* _EXERCISE OBJECTIVE_:
Nothing but the lines from the start of the data through the line with "This video will" should appear in the answer, each retyped exactly, and pictures should not.

* _PROVIDED DATA_:
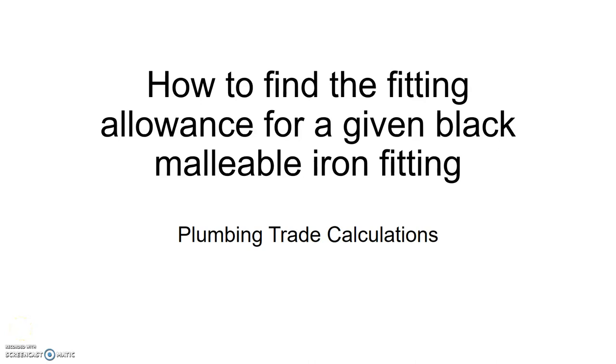This is a short plumbing trade calculation video on how to find the fitting allowance for a given black malleable iron fitting.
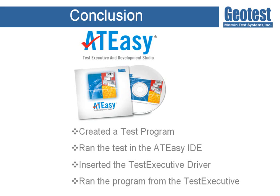So this concludes the introductory ATEasy video where I created a test program which used a power supply, a matrix, and a GPIB-DMM to take a few readings and do some pass-fail analysis on them. I ran the test in ATEasy within the integrated test development environment, and then I linked in the test executive so I could easily bring in the built-in graphical user interface to my project.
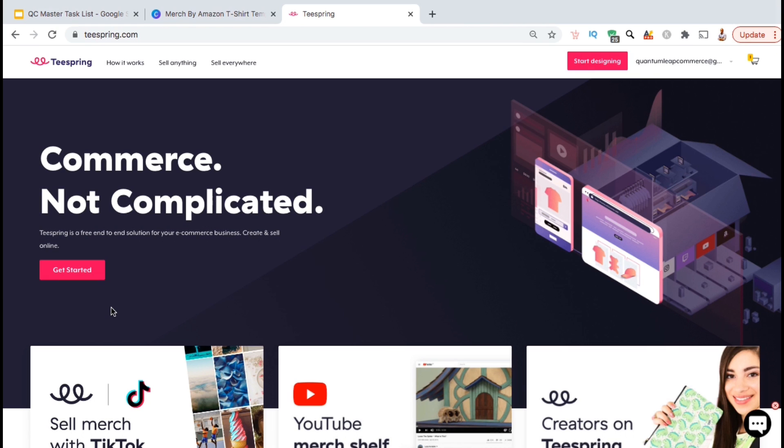Teespring is one of the most popular and trusted print-on-demand platforms out there today. They are constantly making changes and updates to their platform, so I wanted to create an updated video on the upload process.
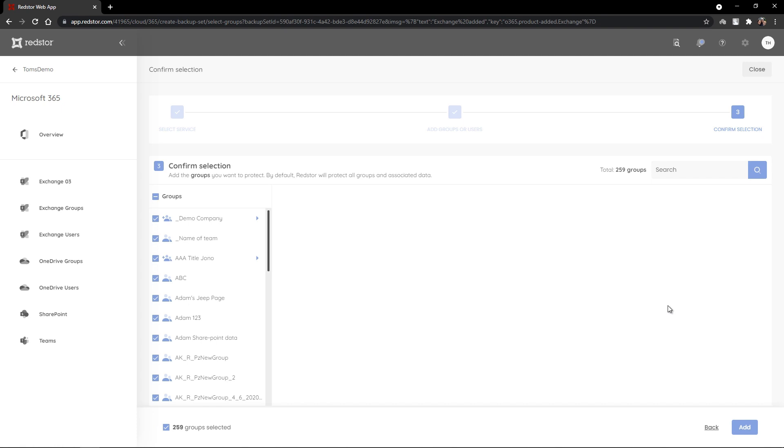Selecting the groups option will pull through all Azure Active Directory groups that are associated with those credentials and that you have permission to protect. By default, all groups will be selected, but you can use the select and deselect all option to remove that selection.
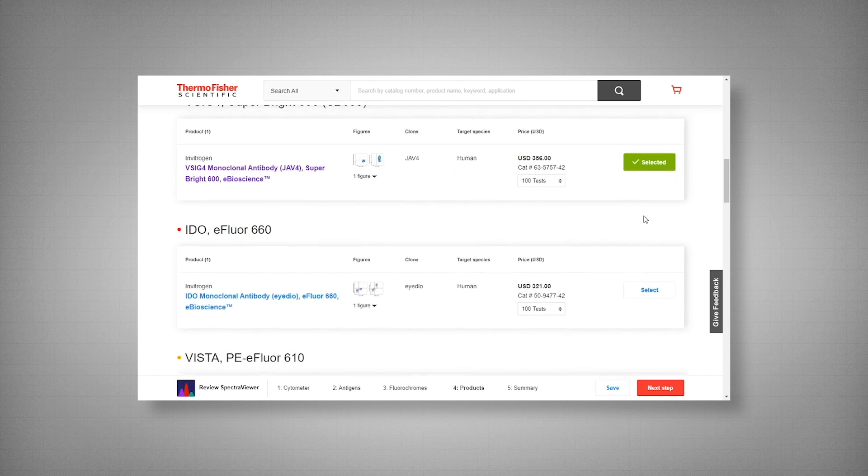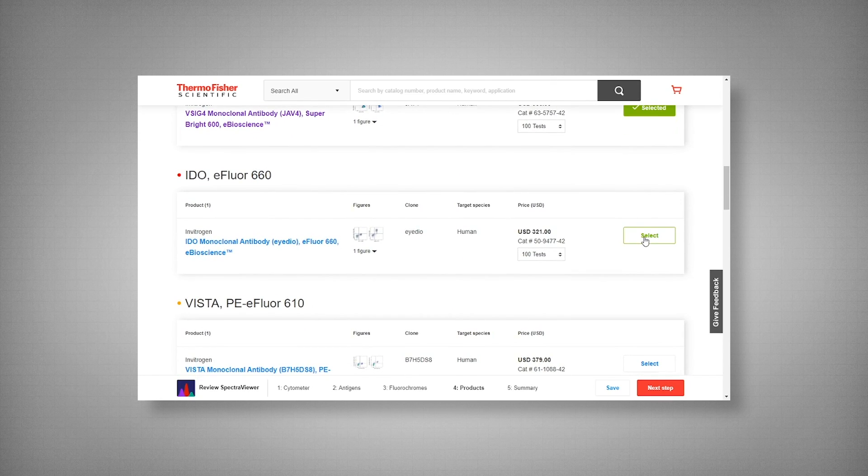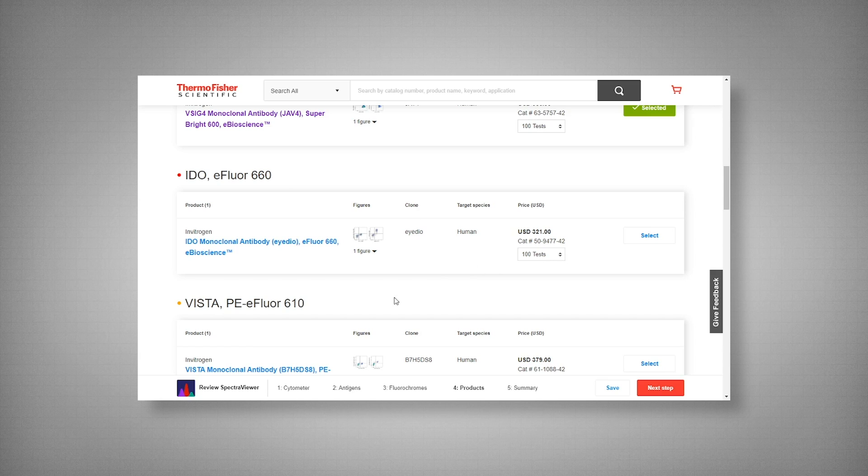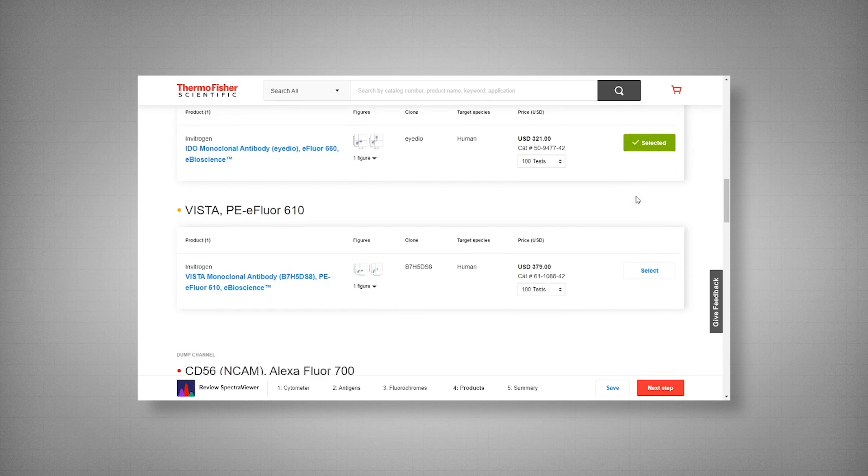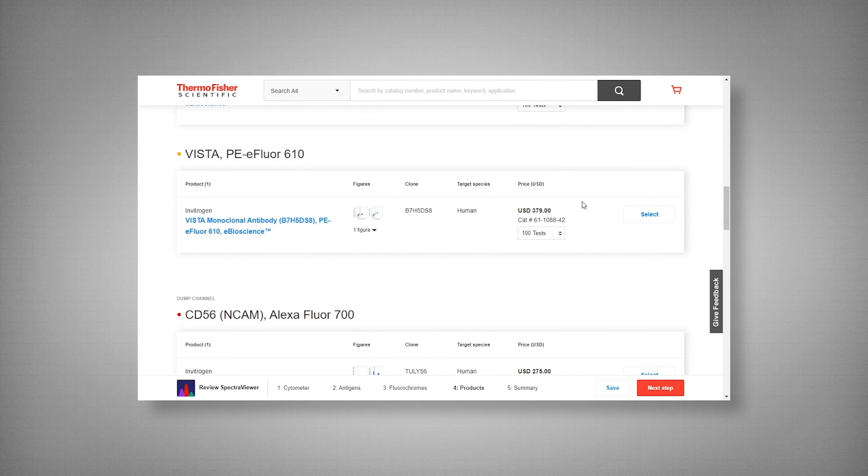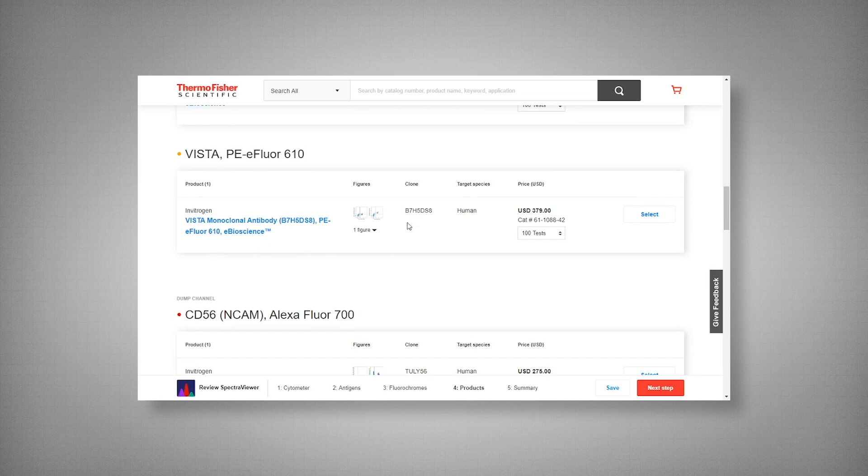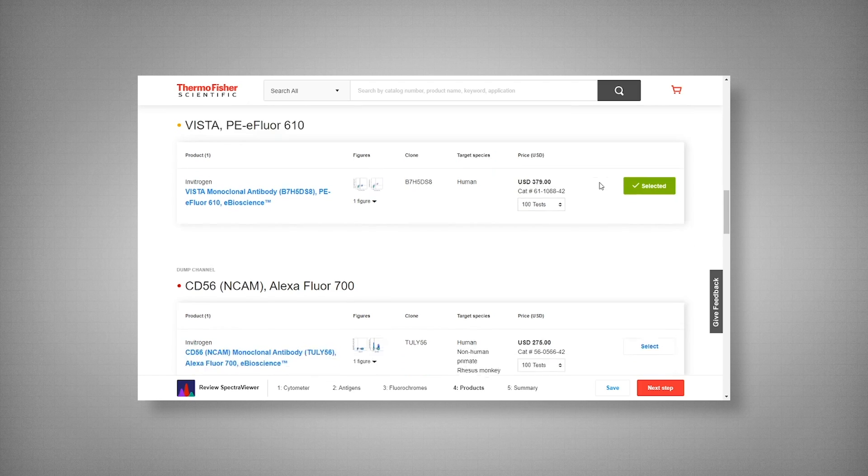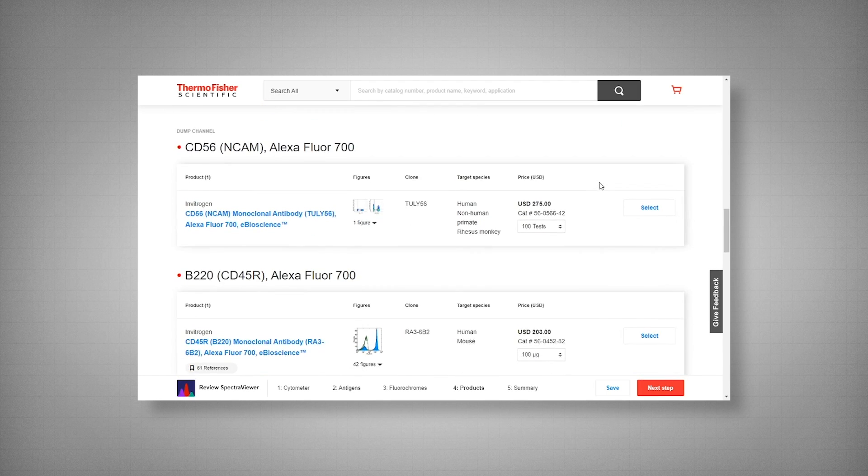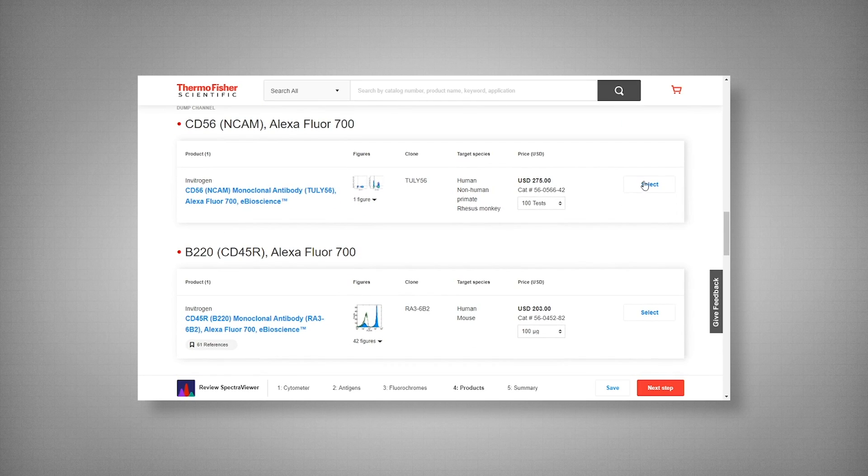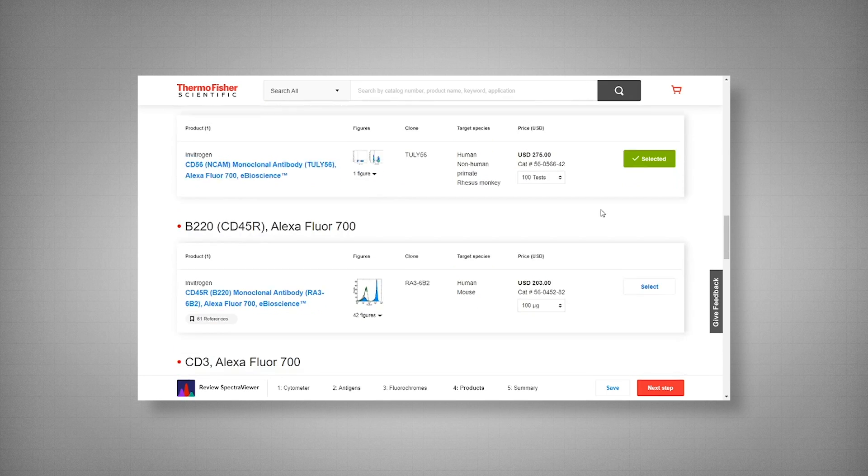Okay, now we have our VSIG. Our IDO, which I think the clone name IDO being a play on the actual target. Again, these are fun little facts. And here we have Vista again, another play on words with our clone name and our target. Vista being part of the B7 family, we have the clone name B7H5.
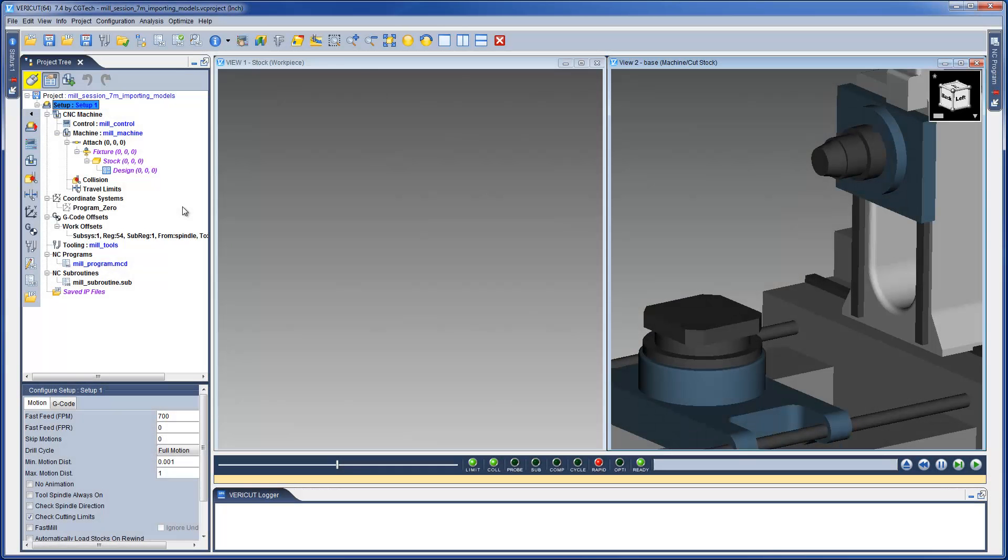This video will show you how to import fixture, stock and design models into VeriCut. Here we have a VeriCut project file open. This project is almost ready for us to run the simulation.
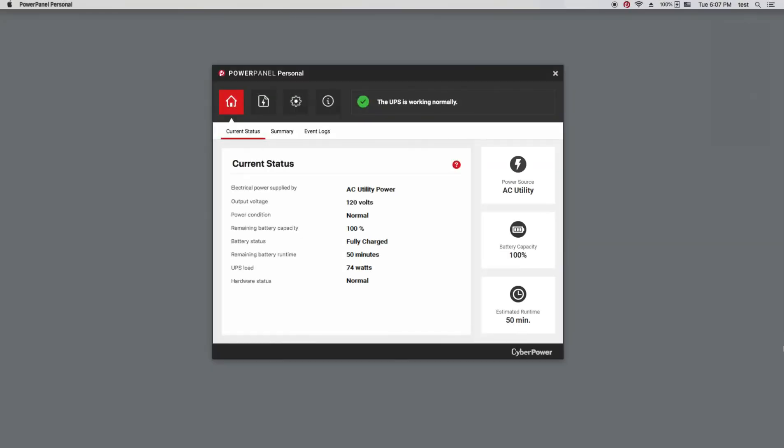Now, PowerPanel Personal will automatically open with the current status of the connected UPS and you can start monitoring and performing management tasks. This is all about the installation of PowerPanel Personal on Mac OS.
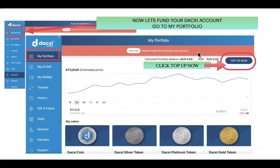From your verification page, go to 'My Portfolio,' which is on the left-hand side. That will take you to the My Portfolio page in your Daxy wallet, and then you're going to click on 'Top Up Now.'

* _RESULT OF THE TASK_:
This is a short plumbing trade calculation video on how to find the fitting allowance for a given black malleable iron fitting.
So this concludes the introductory ATEasy video where I created a test program which used a power supply, a matrix, and a GPIB-DMM to take a few readings and do some pass-fail analysis on them. I ran the test in ATEasy within the integrated test development environment, and then I linked in the test executive so I could easily bring in the built-in graphical user interface to my project.
Teespring is one of the most popular and trusted print-on-demand platforms out there today. They are constantly making changes and updates to their platform, so I wanted to create an updated video on the upload process.
Selecting the groups option will pull through all Azure Active Directory groups that are associated with those credentials and that you have permission to protect. By default, all groups will be selected, but you can use the select and deselect all option to remove that selection.
Okay, now we have our VSIG. Our IDO, which I think the clone name IDO being a play on the actual target. Again, these are fun little facts. And here we have Vista again, another play on words with our clone name and our target. Vista being part of the B7 family, we have the clone name B7H5.
This video will show you how to import fixture, stock and design models into VeriCut. Here we have a VeriCut project file open. This project is almost ready for us to run the simulation.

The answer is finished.